_WHAT YOU NEED TO DO_.
After finding "Sự khác nhau giữa Sweet và Sour Mash whisky" in a line below, print that line and the rest of the lines exactly, leaving out all pictures.
##### DATASET RECORDS #####
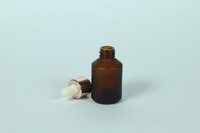 30ML SLANT AMBER FROSTED BOTTLE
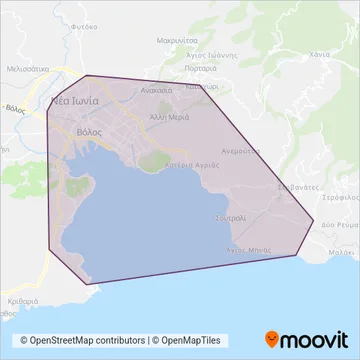 ΚΤΕΛ coverage area map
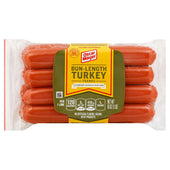 Kraft Oscar Mayer Hot Dog - Louis Rich Turkey Frank, 16 Ounce -- 12 per case.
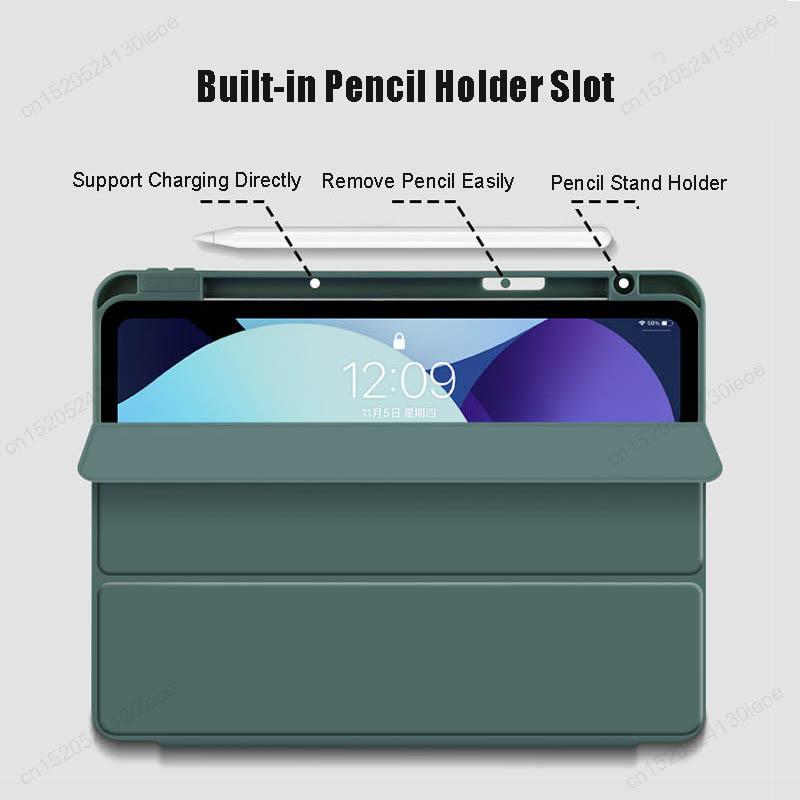 For iPad Air 5 Air 4 Case 10 10th 10.9 inch iPad Pro 11 Charging Pencil Holder Cover Magnet Funda Coque Capa
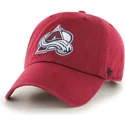 cappelli-curva-rosso-cinghia-regolabile-dei-colorado-avalanche-nhl-di-47-brand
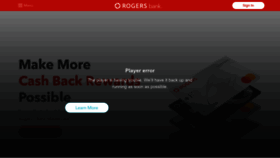What Rogersbank.com website looked like in 2023 (1 year ago)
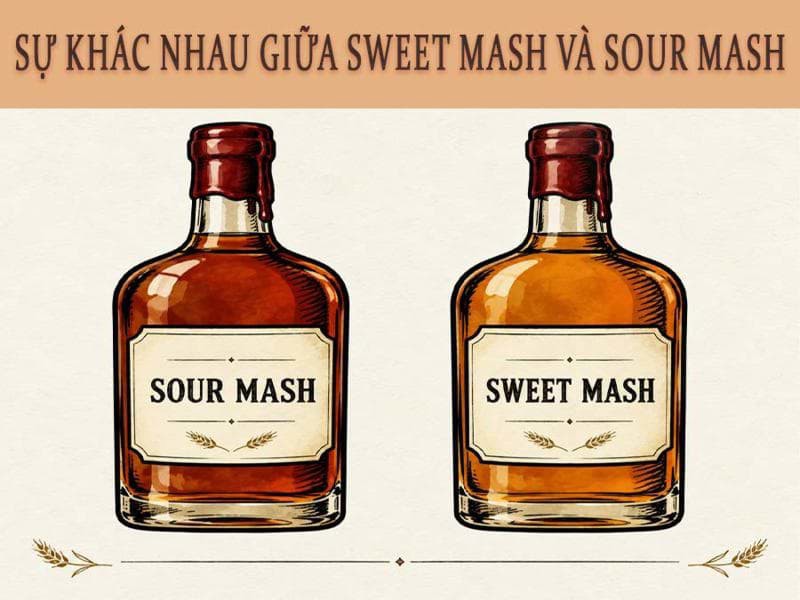 Sự khác nhau giữa Sweet và Sour Mash whisky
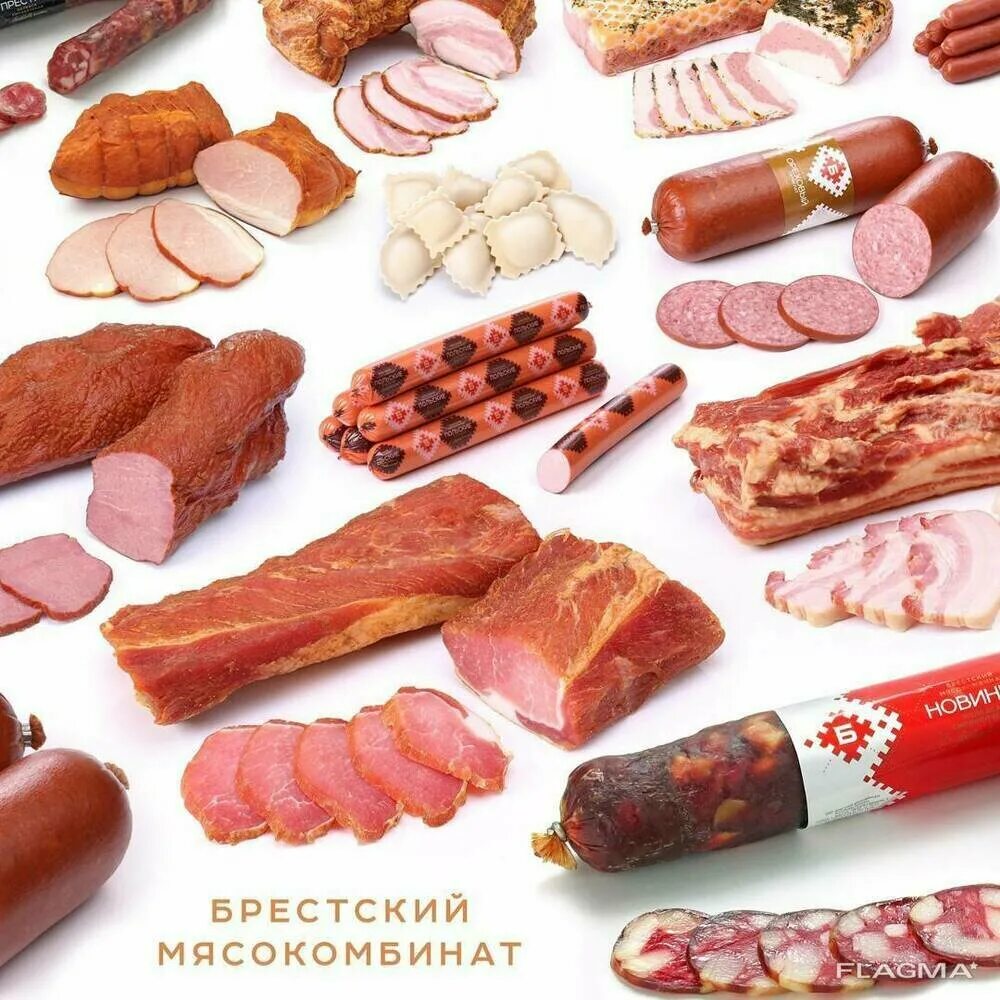 Ассортимент колбасных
#####
_EXPECTED ANSWER_.
 Sự khác nhau giữa Sweet và Sour Mash whisky
 Ассортимент колбасных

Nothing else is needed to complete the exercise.